[Excerpted data — start]
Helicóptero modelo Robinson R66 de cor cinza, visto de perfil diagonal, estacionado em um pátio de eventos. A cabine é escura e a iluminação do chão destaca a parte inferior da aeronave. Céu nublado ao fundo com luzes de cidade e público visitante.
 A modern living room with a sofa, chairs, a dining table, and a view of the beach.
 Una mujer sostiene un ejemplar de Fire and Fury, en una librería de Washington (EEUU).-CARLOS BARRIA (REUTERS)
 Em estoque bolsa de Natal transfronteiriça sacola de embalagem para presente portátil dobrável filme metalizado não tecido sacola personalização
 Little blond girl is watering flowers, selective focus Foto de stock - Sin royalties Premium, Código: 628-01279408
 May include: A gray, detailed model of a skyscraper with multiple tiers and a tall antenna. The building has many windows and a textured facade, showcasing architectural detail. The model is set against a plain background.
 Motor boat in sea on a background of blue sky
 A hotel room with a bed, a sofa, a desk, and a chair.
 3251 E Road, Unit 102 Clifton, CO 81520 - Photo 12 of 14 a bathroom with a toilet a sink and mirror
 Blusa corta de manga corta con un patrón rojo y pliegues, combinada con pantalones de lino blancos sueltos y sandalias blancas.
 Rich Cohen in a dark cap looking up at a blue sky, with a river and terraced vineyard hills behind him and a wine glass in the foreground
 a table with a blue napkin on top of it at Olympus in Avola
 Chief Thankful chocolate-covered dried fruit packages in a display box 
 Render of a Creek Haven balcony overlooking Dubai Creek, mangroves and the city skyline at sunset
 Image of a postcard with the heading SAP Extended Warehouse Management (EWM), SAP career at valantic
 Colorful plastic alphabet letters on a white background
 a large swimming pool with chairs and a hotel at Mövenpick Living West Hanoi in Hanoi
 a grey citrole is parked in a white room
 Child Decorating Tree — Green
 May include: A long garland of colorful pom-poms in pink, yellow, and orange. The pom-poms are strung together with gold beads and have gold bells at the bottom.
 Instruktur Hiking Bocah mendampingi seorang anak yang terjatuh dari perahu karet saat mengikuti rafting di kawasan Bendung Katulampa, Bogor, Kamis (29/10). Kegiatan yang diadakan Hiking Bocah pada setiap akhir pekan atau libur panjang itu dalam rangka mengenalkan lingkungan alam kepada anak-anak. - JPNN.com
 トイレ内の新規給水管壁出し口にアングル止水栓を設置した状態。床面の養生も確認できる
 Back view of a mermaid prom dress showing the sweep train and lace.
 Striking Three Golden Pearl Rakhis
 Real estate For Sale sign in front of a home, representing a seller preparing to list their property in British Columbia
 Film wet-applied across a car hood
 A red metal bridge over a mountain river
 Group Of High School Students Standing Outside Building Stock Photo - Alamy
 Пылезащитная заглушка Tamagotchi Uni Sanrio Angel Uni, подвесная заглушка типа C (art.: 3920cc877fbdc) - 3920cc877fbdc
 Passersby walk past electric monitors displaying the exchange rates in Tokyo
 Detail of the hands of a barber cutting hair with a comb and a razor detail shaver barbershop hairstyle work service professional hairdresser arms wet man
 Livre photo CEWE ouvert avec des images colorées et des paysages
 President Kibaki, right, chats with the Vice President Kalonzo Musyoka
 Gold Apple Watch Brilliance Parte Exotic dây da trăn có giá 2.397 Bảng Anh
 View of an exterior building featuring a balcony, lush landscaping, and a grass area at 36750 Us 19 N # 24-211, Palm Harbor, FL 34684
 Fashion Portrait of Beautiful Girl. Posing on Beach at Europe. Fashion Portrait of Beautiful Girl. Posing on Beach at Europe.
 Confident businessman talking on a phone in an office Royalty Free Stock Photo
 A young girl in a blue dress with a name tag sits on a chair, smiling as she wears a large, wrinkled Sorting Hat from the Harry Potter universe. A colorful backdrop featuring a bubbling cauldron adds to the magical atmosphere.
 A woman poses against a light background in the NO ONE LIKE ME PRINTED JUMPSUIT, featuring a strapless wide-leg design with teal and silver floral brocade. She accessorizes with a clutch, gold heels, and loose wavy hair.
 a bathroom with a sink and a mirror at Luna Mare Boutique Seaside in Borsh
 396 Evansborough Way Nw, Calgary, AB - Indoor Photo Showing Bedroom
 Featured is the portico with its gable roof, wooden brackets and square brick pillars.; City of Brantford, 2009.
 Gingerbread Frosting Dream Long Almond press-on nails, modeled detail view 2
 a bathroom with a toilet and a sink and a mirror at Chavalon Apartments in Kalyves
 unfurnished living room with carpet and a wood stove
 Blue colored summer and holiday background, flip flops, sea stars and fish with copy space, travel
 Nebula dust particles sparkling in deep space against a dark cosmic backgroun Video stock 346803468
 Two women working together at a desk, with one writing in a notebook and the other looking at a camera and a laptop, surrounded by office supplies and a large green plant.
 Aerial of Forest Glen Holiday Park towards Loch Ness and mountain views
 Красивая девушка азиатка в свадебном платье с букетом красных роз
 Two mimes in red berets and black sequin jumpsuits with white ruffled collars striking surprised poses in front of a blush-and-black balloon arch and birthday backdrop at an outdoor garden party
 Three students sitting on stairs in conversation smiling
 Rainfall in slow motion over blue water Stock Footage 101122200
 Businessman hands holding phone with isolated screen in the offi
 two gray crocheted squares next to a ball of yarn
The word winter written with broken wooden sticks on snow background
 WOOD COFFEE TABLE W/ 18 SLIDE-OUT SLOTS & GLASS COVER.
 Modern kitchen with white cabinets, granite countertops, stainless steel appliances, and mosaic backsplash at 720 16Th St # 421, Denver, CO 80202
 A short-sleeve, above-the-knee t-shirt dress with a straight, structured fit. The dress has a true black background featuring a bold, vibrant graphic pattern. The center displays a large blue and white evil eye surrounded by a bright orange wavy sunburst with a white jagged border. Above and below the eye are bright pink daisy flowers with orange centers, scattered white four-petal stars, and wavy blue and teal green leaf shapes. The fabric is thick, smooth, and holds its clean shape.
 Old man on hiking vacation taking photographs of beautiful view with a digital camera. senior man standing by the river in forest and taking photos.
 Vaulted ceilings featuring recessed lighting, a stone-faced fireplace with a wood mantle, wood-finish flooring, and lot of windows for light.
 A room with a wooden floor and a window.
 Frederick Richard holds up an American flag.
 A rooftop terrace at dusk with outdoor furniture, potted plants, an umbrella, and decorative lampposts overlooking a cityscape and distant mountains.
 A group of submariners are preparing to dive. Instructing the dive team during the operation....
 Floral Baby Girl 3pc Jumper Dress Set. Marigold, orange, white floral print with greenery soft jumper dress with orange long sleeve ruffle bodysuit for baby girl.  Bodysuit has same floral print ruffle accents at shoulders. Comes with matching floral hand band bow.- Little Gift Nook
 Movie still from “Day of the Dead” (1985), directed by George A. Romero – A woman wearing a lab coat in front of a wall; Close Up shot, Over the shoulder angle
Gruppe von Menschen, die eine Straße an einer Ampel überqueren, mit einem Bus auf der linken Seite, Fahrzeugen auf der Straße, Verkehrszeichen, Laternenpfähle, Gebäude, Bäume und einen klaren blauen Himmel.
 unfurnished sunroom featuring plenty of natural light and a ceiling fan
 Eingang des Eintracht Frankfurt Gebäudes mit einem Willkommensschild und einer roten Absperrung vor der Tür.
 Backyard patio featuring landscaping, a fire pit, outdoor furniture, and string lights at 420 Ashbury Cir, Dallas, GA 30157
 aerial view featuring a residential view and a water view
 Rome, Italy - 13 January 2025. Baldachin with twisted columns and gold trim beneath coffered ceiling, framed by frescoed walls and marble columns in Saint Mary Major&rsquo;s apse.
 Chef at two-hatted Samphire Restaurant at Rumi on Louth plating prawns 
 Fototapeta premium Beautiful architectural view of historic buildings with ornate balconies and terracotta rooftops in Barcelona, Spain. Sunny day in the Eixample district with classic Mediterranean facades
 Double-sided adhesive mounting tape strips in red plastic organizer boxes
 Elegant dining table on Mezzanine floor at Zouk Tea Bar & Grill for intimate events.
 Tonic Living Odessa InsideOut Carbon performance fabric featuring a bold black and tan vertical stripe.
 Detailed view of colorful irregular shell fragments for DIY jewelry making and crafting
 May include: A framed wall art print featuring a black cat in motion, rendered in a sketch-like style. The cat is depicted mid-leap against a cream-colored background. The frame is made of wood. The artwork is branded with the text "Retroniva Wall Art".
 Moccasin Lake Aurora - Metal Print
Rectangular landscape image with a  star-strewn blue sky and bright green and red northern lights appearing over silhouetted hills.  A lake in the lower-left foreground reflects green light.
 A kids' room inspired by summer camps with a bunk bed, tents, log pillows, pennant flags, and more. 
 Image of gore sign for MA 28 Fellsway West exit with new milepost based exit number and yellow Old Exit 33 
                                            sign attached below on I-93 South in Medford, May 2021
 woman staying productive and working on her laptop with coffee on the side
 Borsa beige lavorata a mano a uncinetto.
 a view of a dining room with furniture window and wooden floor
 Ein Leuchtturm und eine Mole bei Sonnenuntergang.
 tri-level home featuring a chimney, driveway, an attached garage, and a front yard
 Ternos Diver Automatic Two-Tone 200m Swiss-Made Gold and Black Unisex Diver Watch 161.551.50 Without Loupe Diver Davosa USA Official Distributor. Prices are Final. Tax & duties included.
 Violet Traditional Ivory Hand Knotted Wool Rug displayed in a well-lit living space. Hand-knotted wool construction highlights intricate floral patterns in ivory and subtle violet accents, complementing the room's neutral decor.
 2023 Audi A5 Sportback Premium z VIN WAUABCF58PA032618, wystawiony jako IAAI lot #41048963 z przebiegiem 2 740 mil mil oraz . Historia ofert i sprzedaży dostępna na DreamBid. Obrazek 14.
[Excerpted data — finish]
About this exercise:
Across the listing above, count every line containing the string "attached" and give the result with no comment.

Response to this exercise:
2